3. Staff #26 (Lab Director) was interviewed on 5/19/15 at 3:14 PM, and confirmed the above-mentioned patients lacked pre-transfusion vital signs and/or 60 minute post-transfusion vital signs as required by facility policy and procedure.
Tag No.: C0308
Based on document review, observation, and interview, the facility failed to ensure unauthorized access to patient records for 4 cardboard boxes of medical records (MR) in one location (maintenance shop).
Findings:
1. Review of the policy & procedure (P&P) titled Secure Medical Record Storage indicated 1. Medical records must be properly filed and stored in a secure location(s) that safeguard from the following: b. Man made hazards such as theft, accidental loss, sabotage, etc. d. Unauthorized use, disclosure, and destruction. 2. Secure location means the location must ensure the integrity, security and protection of the records and are limited to access only by authorized individuals. The P&P was approved 9/2013.

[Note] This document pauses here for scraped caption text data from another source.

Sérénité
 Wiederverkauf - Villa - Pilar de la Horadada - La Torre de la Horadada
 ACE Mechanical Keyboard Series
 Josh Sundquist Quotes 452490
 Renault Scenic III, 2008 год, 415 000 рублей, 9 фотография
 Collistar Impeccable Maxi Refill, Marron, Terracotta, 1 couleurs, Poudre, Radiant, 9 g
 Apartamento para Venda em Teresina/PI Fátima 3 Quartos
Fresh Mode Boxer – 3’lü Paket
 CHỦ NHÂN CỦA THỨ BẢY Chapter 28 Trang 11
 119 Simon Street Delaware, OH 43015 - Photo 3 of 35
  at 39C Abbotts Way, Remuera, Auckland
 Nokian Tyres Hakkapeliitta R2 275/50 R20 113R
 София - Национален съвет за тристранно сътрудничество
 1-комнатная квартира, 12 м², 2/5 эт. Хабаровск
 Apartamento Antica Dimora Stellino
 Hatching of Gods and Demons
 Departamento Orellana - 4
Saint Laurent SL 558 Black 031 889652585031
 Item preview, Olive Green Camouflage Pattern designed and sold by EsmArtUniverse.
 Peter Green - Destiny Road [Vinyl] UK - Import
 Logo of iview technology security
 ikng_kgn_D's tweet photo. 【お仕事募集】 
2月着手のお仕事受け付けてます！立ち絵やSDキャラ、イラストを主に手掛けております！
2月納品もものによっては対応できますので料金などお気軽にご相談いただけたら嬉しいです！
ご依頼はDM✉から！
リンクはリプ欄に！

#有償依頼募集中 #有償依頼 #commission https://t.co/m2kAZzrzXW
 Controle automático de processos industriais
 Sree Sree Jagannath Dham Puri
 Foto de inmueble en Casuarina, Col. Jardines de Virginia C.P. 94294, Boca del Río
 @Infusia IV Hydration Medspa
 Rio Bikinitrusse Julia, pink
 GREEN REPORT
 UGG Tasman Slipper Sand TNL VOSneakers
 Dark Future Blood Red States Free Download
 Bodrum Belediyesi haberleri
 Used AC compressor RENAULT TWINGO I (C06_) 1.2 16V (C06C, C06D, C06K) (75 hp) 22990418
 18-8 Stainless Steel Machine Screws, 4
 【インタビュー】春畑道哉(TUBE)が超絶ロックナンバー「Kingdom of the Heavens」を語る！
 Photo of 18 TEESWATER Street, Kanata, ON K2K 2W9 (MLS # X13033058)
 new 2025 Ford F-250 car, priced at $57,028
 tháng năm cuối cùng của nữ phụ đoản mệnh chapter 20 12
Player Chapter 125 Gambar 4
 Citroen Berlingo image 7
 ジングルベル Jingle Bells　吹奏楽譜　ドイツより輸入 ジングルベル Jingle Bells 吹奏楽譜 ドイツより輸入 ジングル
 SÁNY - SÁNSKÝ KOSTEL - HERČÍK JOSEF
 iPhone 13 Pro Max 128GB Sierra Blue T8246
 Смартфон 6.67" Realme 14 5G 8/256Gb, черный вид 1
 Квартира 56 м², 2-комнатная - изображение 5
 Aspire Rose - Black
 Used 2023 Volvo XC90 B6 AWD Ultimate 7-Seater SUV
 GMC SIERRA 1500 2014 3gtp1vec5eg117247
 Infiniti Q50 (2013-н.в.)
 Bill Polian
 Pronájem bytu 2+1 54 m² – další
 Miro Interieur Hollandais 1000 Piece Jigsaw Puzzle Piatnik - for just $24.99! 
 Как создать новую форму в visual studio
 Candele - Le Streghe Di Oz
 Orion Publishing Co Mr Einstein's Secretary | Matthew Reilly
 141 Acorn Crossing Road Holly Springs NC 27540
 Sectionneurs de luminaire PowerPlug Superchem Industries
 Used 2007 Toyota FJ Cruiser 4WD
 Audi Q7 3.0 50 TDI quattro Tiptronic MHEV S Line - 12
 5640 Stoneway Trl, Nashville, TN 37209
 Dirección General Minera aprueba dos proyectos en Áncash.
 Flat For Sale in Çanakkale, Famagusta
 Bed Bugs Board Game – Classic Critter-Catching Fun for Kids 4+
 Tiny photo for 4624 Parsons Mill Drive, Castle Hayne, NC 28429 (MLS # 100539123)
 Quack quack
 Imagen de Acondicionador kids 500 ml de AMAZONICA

2. On 5/18/15 between 11:00 am and 12:00 pm during facility tour, in a storage aisle of the maintenance shop, in the presence of A1, Chief Executive Officer (CEO) and S8 (maintenance supervisor), 4 cardboard boxes were on shelves and labeled as follows: Path reports, path and lab, blood bank, & lab. Inside the boxes were multiple patients' medical records documentation.
3. On 5/18/15 at 12:00 pm, A1 and S8 indicated maintenance personnel did not have authorized access to MRs and the records should not be in that location.
Tag No.: C0337
Based on document review and interview, the quality assessment and improvement program (QAPI) failed to evaluate all areas by not including 4 of 28 directly provided services (infusion therapy, pediatrics, pharmacy,& inpatient rehabilitation), 2 of 12 functions (transcription & utilization review), and 3 of 6 contracted services (biomedical engineering, laundry, & teleradiology).
Findings:
1. Review of 1/2014 to 12/2014 & 1/2015 to 4/2015 QAPI meeting minutes lacked evidence of quality assurance evaluation for the directly provided services of infusion therapy, pediatrics, pharmacy,& inpatient rehabilitation, the functions of transcription & utilization review, and the contracted services of biomedical engineering, laundry, & teleradiology.
2. On 5/20/15 at 12:45 pm, A3, Director of Quality Risk Management, confirmed the above were not included in the QAPI program reports.